Les entretiens ante et post séance : l’entretien ante séance a « pour fonction de recueillir le discours de l’enseignant, adressé au chercheur, à propos de son projet spécifique d’enseignement » (Schubauer-Leoni & Leutenegger, 2002, p. 243). Pour ce qui est de l’entretien post séance, il permet de « recueillir, à chaud, l’avis, le sentiment, l’analyse réflexive du professionnel après l’accomplissement d’une séance de travail. Qu’a-t-il perçu en faisant ? que pense-t-il avoir réalisé et avec qui ? » (ibid.). Le chercheur propose également à l’enseignant d’évoquer un moment particulier de la séance qui a particulièrement retenu son attention.

Les analyses simples et les analyses croisées : ces deux types d’entretiens ne doivent pas être confondus avec les auto-confrontations simples et croisées (Clot et al., 2000).

93 Dans la phase 3, afin de limiter cette contrainte temporelle, l’ensemble des montages sont réalisés à l’issue de chaque séance.
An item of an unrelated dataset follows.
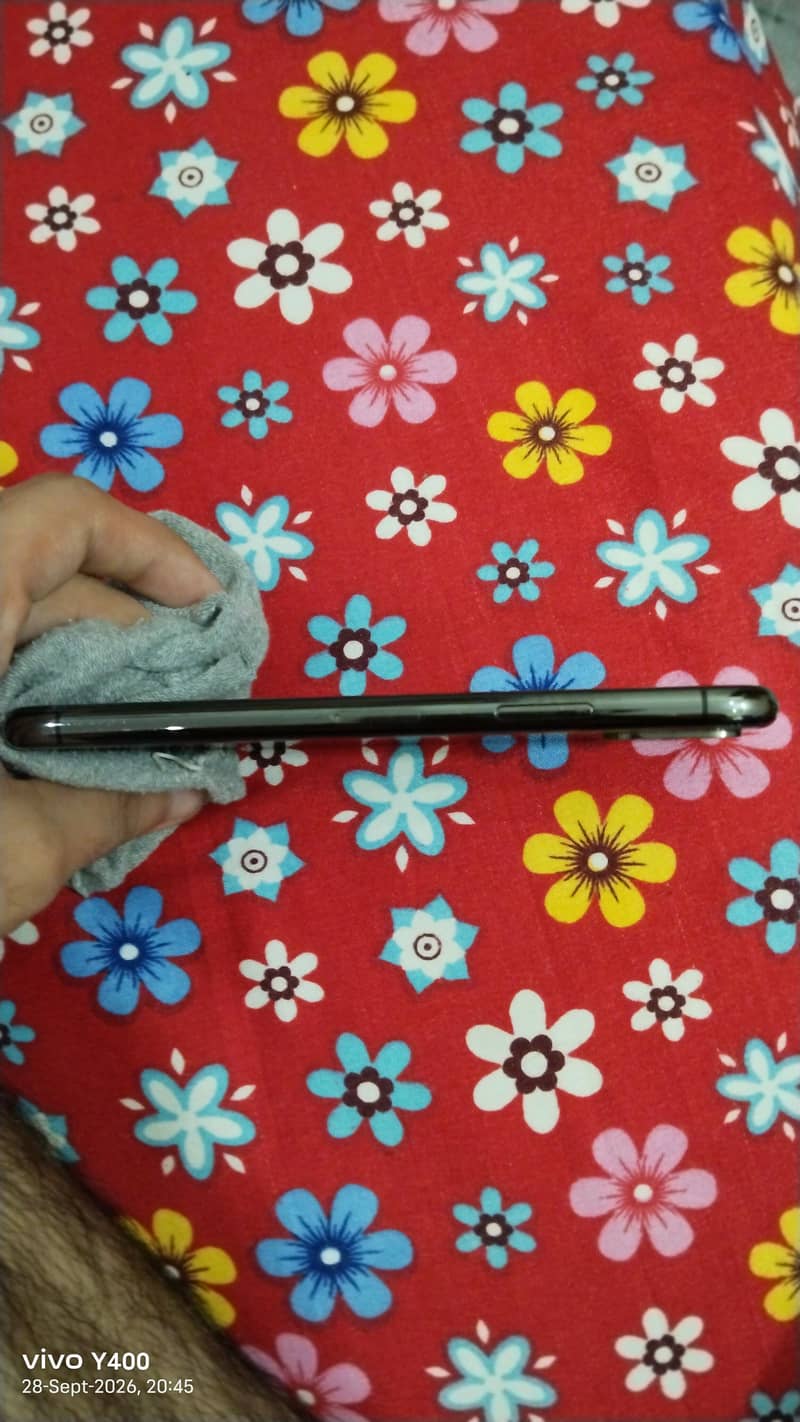 Apple iPhone XS 4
De cette façon, le lendemain de la dernière séance du dispositif, nous sommes en mesure de donner l’ensemble des films à chaque membre du binôme.
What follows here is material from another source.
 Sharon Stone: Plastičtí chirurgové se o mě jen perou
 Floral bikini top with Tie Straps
138 Géraldine Suau précise quelles sont les spécificités de ces analyses de la façon suivante : « C’est dans cette méthode, la confrontation à la pratique qu’il nous intéresse d’observer. Nous différons quant à la position de Clot et al. sur la position du chercheur. N’étant pas dans une situation dégradée, ni dans une commande, ce n’est pas en effet le chercheur qui sélectionne un extrait, mais l’acteur (en l’occurrence l’enseignant) qui après avoir visionné la totalité́ de la séance choisit un extrait qu’il trouve « remarquable », en ce sens qu’il le remarque dans sa pratique » (2016, p. 118). Le chercheur adopte une position d’écoute, il débute l’entretien avec une unique question, « pourquoi cet extrait-là ? » (ibid.). L’enseignant explicite alors sa pratique, c’est lui qui assure la responsabilité du choix de l’extrait qu’il souhaite montrer, du défilement des images, des mises en pause. Lors de l’analyse simple, l’enseignant est seul avec le chercheur, il a sélectionné un court extrait dans le film de la séance. En ce qui concerne l’analyse croisée, les deux enseignants sont présents avec le chercheur. Chacun choisit un extrait dans le film de la séance de son pair.
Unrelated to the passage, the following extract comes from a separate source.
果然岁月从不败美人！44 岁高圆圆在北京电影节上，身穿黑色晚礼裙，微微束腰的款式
Les analyses simples et croisées menées dans la phase trois de notre dispositif se différencient de celles mises en œuvre dans le travail de Suau (2016) en raison du découpage de notre objet d’étude. L’échelle temporelle de la séquence d’enseignement induit environ une dizaine de séances filmées dans le SDP et environ trois séances dans le SDA. Afin de rendre le dispositif de recueil de données acceptable pour les enseignants, il n’était pas envisageable de réaliser une analyse simple et croisée sur chacune des séances. La consigne donnée aux enseignants laissait des espaces de liberté en leur proposant de choisir trois moments remarquables dans une séance unique ou dans plusieurs séances, nous leur laissions ainsi la liberté de revoir l’ensemble des séances ou simplement une en particulier. Pour terminer ce point, nous souhaitons à nouveau mettre en évidence le fait que ces différents entretiens ont pour fonction principale de permettre aux enseignants de livrer un discours relatif à leur pratique, discours anticipateur ou évocateur. Le chercheur adopte une attitude non directive à partir d’une trame réduite de questions, « l’entretien non directif vise à dégager le cadre perceptif du sujet, à le placer dans une disposition d’esprit dans laquelle c’est à lui-même qu’il va réagir. Pratiquement, dans ce type d’interviews, la structuration est réduite au minimum. L’enquêteur introduit plus ou moins rapidement un thème. La nature de celui-ci, les manœuvres d’approche, sont évidemment extrêmement importantes puisqu’elles commandent la suite de l’entretien » (Grawitz, 2001, p. 651). Le chercheur s’astreint à donner à voir une position d’écoute et à accepter des silences afin de ne pas bloquer ou interrompre le discours de l’enseignant. Les relances ont pour unique but d’amener l’enseignant à préciser son propos afin de limiter les incertitudes du point de vue des interprétations futures.